Two men were arrested by Italian police yesterday on suspicion of supporting Islamic State (IS) and plotting to carry out terror attacks. The arrests of the Tunisian and Pakistani men based in Brescia in northern Italy were the latest in a series forming part of a wider investigation by the anti-terror squad, DIGOS (Divisione Investigazioni Generali e Operazioni Speciali), which began in April.
The Local reports the arrested terror suspects set up a Twitter account on which they posted threatening messages showing handwritten signs produced by the pair in Italian, French and Arabic. The signs were displayed in front of historic Italian monuments, including Rome’s Colosseum and the Duomo in Milan.

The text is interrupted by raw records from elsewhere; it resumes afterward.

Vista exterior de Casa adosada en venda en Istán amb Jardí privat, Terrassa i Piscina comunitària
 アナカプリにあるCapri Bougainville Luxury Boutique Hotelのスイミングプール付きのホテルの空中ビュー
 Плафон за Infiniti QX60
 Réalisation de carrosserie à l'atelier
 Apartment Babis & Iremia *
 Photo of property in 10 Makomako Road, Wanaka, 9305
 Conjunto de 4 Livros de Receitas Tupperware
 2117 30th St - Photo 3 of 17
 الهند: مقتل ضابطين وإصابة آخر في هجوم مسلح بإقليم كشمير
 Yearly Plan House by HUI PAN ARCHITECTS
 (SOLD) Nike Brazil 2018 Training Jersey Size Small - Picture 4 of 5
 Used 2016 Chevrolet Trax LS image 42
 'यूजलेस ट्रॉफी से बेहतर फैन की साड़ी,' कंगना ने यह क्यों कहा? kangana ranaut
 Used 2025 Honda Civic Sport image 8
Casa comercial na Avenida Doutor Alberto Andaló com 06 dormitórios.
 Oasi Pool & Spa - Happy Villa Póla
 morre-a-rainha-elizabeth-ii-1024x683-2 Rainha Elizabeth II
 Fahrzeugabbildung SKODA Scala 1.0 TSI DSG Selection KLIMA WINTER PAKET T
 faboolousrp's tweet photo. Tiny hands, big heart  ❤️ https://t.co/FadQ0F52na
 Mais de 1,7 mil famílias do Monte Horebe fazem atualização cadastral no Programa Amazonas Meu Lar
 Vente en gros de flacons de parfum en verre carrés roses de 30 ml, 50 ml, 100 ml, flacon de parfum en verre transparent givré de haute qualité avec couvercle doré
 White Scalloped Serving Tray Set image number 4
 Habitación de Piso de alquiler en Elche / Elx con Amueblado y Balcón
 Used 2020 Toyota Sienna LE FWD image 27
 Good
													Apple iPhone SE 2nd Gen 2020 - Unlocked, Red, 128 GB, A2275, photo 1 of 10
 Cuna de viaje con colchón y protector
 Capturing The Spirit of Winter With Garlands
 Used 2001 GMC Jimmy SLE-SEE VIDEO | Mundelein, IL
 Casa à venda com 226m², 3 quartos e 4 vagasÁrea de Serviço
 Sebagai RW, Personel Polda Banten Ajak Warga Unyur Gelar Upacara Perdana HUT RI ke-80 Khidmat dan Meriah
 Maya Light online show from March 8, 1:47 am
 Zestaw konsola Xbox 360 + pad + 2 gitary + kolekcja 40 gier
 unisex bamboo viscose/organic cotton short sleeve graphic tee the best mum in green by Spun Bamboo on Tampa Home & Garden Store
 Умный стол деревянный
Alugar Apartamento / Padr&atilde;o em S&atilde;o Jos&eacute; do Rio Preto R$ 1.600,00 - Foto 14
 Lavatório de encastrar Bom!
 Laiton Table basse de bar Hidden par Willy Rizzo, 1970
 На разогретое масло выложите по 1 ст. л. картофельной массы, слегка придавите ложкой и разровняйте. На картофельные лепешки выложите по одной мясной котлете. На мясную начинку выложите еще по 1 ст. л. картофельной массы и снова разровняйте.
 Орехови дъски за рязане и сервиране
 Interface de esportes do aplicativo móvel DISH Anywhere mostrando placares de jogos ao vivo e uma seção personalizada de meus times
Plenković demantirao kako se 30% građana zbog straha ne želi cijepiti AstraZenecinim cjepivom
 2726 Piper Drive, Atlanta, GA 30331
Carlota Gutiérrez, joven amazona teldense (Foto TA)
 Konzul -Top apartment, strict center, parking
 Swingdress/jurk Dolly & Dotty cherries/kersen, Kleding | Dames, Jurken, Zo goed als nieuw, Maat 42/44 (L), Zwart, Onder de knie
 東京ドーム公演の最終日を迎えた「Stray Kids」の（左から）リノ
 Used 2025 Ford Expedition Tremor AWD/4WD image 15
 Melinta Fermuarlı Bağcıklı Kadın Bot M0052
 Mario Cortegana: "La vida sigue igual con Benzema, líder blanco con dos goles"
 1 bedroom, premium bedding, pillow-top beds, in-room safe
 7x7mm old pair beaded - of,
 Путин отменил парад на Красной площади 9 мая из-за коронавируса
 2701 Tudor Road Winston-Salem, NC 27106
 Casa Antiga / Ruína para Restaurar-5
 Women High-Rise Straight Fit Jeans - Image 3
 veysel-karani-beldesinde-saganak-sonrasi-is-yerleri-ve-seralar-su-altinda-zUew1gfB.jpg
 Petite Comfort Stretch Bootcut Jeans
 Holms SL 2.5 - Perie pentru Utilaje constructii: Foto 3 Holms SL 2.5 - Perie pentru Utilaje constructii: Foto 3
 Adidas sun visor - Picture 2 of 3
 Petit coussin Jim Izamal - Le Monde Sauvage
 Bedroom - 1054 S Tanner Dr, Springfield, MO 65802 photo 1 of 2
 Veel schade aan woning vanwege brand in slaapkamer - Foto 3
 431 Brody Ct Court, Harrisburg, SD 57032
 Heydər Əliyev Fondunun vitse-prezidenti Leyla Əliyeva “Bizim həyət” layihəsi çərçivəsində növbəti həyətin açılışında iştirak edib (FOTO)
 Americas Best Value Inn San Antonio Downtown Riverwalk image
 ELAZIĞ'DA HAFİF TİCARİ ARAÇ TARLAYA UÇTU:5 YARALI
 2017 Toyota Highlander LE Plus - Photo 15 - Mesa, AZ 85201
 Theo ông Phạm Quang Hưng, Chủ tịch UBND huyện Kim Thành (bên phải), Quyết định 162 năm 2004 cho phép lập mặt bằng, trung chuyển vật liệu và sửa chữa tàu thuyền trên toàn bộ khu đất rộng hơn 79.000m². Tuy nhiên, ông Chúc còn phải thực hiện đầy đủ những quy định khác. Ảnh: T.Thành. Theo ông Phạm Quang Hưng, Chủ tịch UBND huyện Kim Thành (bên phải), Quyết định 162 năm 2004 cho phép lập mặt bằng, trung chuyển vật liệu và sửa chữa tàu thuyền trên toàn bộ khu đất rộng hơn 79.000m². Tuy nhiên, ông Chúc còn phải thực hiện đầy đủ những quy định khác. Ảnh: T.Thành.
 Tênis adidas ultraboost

“We are in your streets, we are everywhere. We identify our targets while we wait for zero hour”, said one message.
Milan prosecutor Maurizio Romanelli told a press conference they also set their sights on several other targets, in particular the Ghedi Air Base near where they come from in Brescia which is used by the US military, “but also other possible targets including law enforcement forces”.
The two men had also downloaded an internet manual called “How to Survive in the West” which includes information on bomb-making, disguising identities online and carrying out terror attacks. Officials said they were planning to travel to IS-held territory in Syria to receive military training.
Nevertheless, Romanelli said the targets in Milan and Rome “were never in danger” because the pair had not set their plans in motion before being arrested and charged with terror association and subversion.
“This morning’s arrests show our system to prevent terrorist attacks works,” said Interior Minister Angelino Alfano, “it confirms that Internet controls allow us to take preventative action with great efficiency.”
Nigel Farage and several Italian politicians have previously warned of the “real and genuine threat” of IS fighters entering Europe via Italy posing as migrants. The latest arrests suggest Italy has taken those warnings to heart.